The Egyptian leader is doing a much better job of facing up to the need to cut subsidies than one might have expected.  India’s new prime minister, by contrast, is doing worse than expected – even torpedoing a long-anticipated WTO agreement in the process.  In Indonesia it is too soon to tell.

*   *   *


Egypt’s new president, Abdel Fattah al-Sisi, did something In July that few leaders in North Africa or the Middle East had been able to accomplish before: he sharply cut longstanding fuel subsidies and allowed prices to rise (by 41% to 78% and more).   Surprisingly few protests materialized.

Egypt’s food subsidy program badly needs reform as well.  The country has been spending over $5 billion a year on food subsidies.  The price of bread has been kept so low that, famously, it is often fed to animals. Past attempts to reduce such subsidies in North African countries have brought unrest and even government overthrow.  But it looks like the Sisi government is beginning reforms here as well.  Bread subsidies have already been cut by 13 per cent.

In a sense, he had little choice.  Egypt’s fiscal path under his predecessor’s policies was unsustainable.   Even with subsidy cuts, the current government only hopes to bring the budget deficit down to 10 per cent of GDP in the coming fiscal year, as opposed to 14% otherwise.   Still, who would have expected President Sisi, who took office in a fragile political environment, to start off with far more serious fiscal reforms than Indian Prime Minister Modi, who came to office amid hopes for sweeping economic reform and with a whopping democratic majority?

*   *   *


Also in July, Joko Widodo (“Jokowi”) was elected President in Indonesia, another country with a long history of fuel subsidies that it can no longer afford [currently costing $21 billion, or 13%-20% of government spending].  Outgoing President Yudhoyono took the first courageous step of raising fuel prices a year ago.  [The fuel subsidies problem is even worse in oil-producing countries like Iran, Saudi Arabia and Venezuela, where the right to dirt-cheap fuel is considered the national patrimony.  Indonesia itself is no longer an oil-exporter, in part because low domestic prices have encouraged rapid growth in fuel consumption.]  Jokowi does not take office until October, but his advisers favor cutting the remaining subsidies.

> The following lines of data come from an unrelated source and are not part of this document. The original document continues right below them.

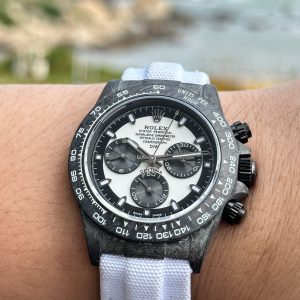 TW Factory ROLEX Cosmograph Daytona Carbon Fiber Custom Edition. This timepiece offers lightweight comfort with a rugged exterior, featuring a unique carbon fiber pattern on every watch. 【Case】Dimensions 40x12.4mm perfectly match the original. TW Factory masterfully crafts the distinctive character of carbon fiber Rolex.Exclusively in the market, the entire case, bezel, and caseback are crafted from high-composite carbon fiber and ultra-bright luminous powder. Meticulous hand-polishing and chamfering enhance every detail, delivering exceptional texture.【Bracelet Clasp】The strap is crafted from synthetic fiber weave, offering breathable comfort and a soft texture. 【Movement】Features the latest precise and mature 4801 movement (functionality and thickness identical to the 4130), perfectly delivering powerful functionality—the ultimate value for money!!!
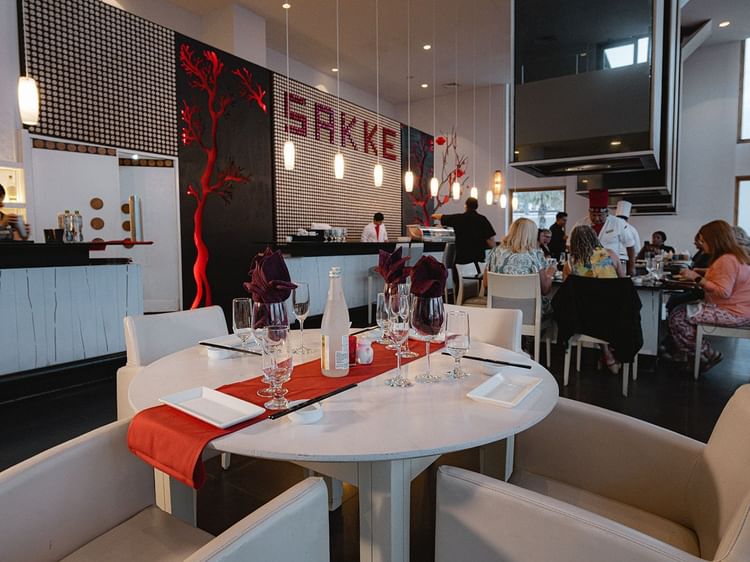 Comedor elegante con mesas y sillas en Sakke, parte de Marquis Los Cabos Resort & Spa en San José del Cabo.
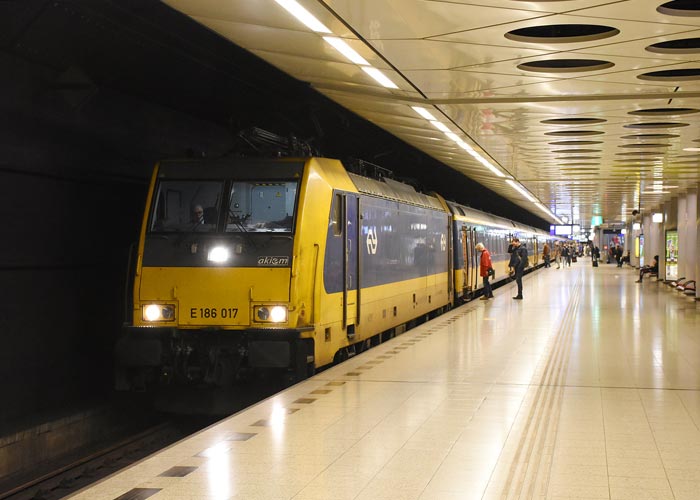 train-aeroport-centre-ville-amsterdam-intercity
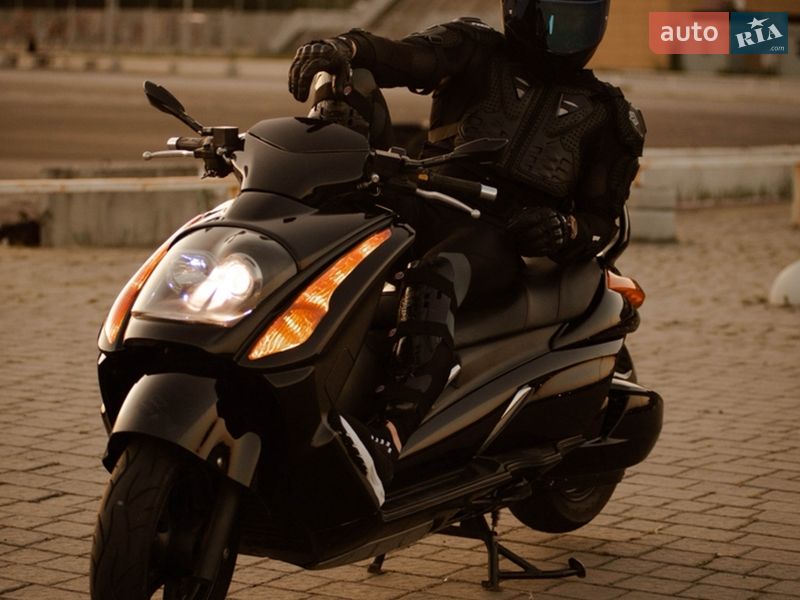 Мото Suzuki Gemma 250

He has forthrightly expressed an intention of doing so, gradually, over a 4-year period.

*  *  *

Market Failure vs. Government Failure

Why do economists feel confident that they are right to oppose these commodity subsidies?  Agricultural and energy markets tend to be relatively close to the ideal of perfect competition, with large numbers of consumers on the demand side and producers on the supply side.  (Where competition in commodities is imperfect, government itself is usually the problem, not the cure.)    Thus the classic economics argument applies:  setting the price artificially low, with the motive of benefiting consumers, works to discourage production and creates a gap of excess demand that usually has to be met by rationing.    Setting the price artificially high, with the motive of benefiting producers, discourages consumption and creates a gap of excess supply that often ends up in wasteful government stockpiles.   And either way, the policy is an invitation to corruption.

Skeptics of the Invisible Hand point out that, left to themselves, private markets can fail in a number of ways.  Two of the most prominent justifications for government intervention in the marketplace are environmental externalities such as air pollution and inequality in income distribution.  What is so striking about subsidies for food and fossil fuels is that, notwithstanding that the policies are often promoted in the name of the environment or equity, in practice they usually do little to help achieve these goals and often have the opposite effect.   Less than 20% of Egyptian food subsidies go to poor people.  In India, less than 0.1 per cent of rural subsidies for LPG (Liquefied Petroleum Gas) go to the poorest quintile, while 52.6 per cent go to the richest.  Gasoline (petrol) subsidies in most countries go to the middle class; they are the ones who drive cars, while the poor walk or take public transportation.  The same is true of other forms of fossil fuel subsidies:  worldwide, far less than 20% of the benefits go to the poorest 20% of the population. 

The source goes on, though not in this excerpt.